* [TASK BRIEF]:
For every line below, restate it exactly and drop the images.

* [PROVIDED DATA]:
##############################
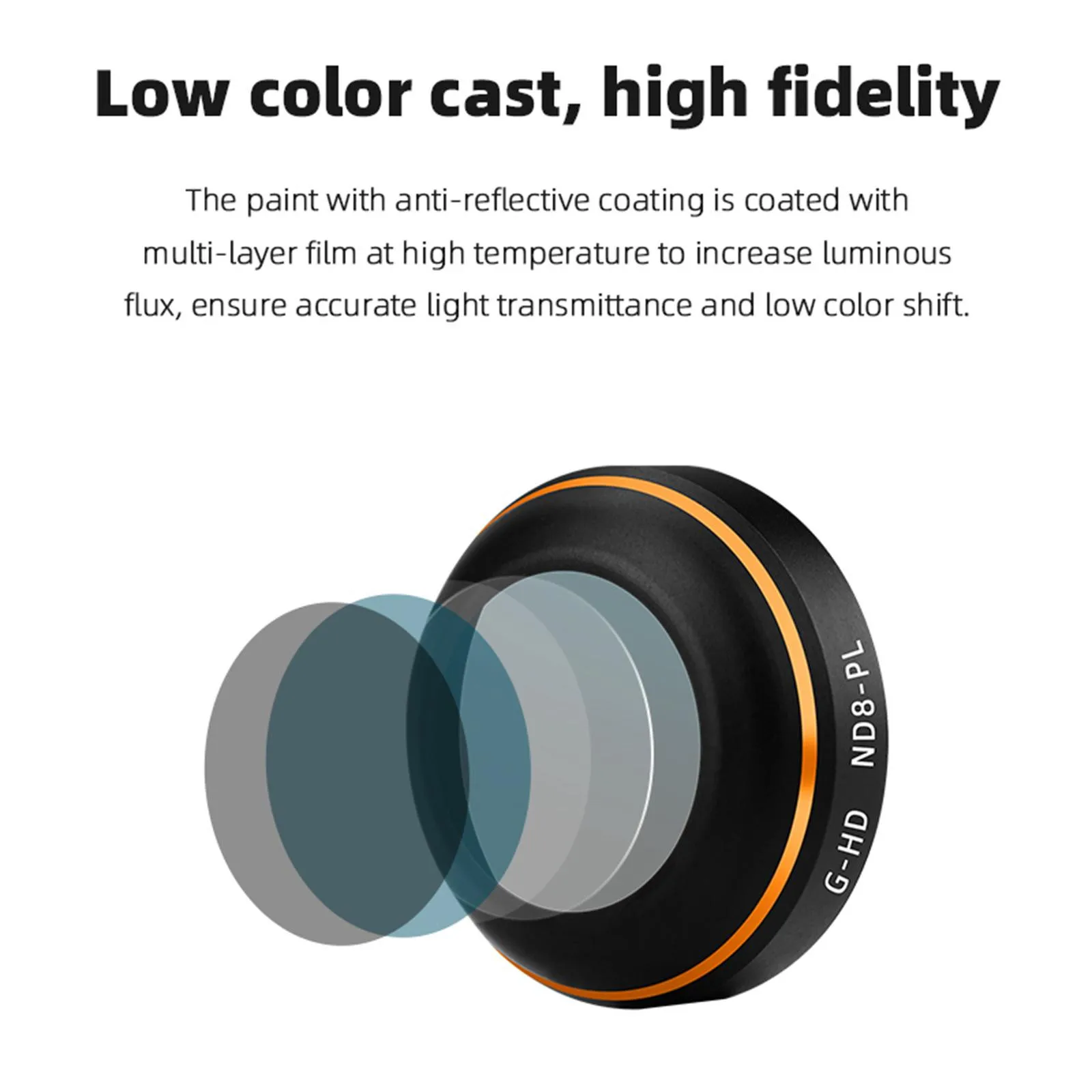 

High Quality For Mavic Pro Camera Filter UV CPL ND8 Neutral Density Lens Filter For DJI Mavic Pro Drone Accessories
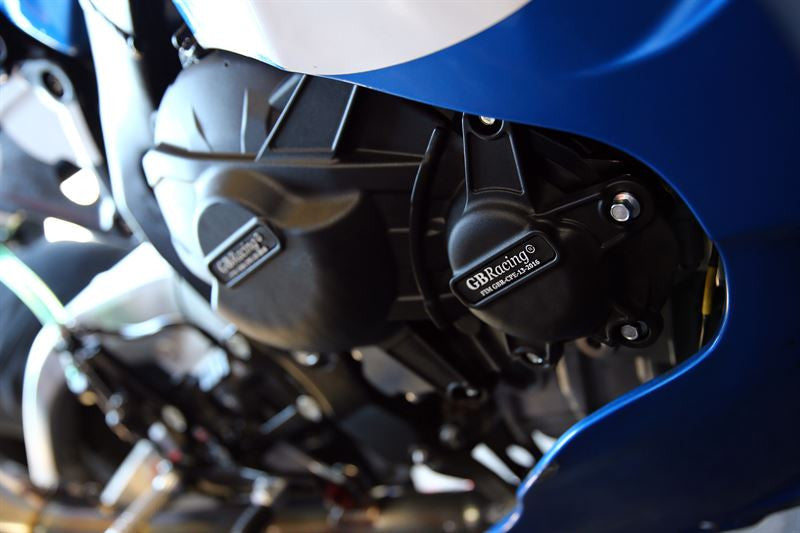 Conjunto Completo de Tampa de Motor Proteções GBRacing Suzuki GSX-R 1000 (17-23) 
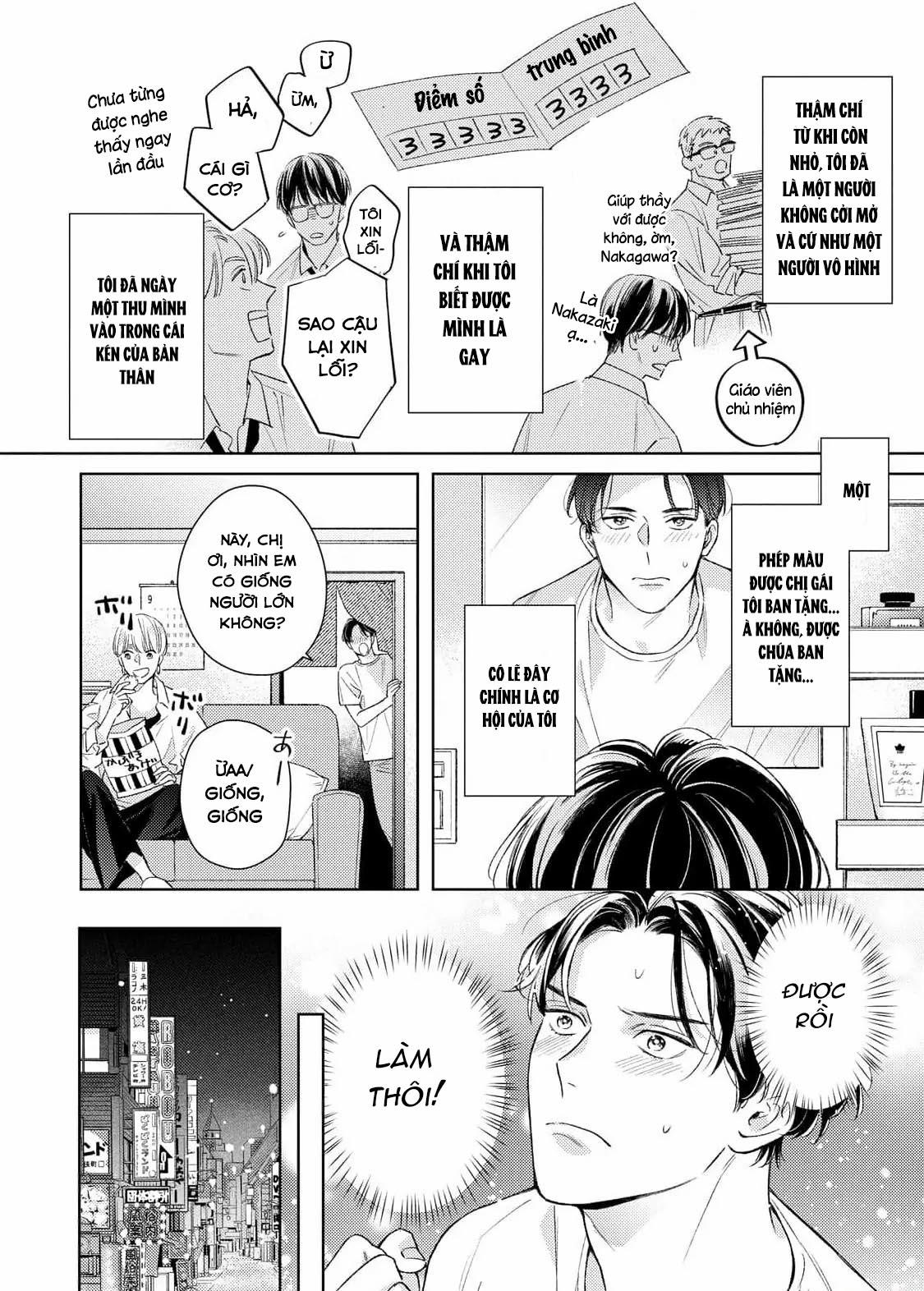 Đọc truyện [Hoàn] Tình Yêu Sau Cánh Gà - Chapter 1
##############################
* [COMPLETED TASK]:
High Quality For Mavic Pro Camera Filter UV CPL ND8 Neutral Density Lens Filter For DJI Mavic Pro Drone Accessories
 Conjunto Completo de Tampa de Motor Proteções GBRacing Suzuki GSX-R 1000 (17-23) 
 Đọc truyện [Hoàn] Tình Yêu Sau Cánh Gà - Chapter 1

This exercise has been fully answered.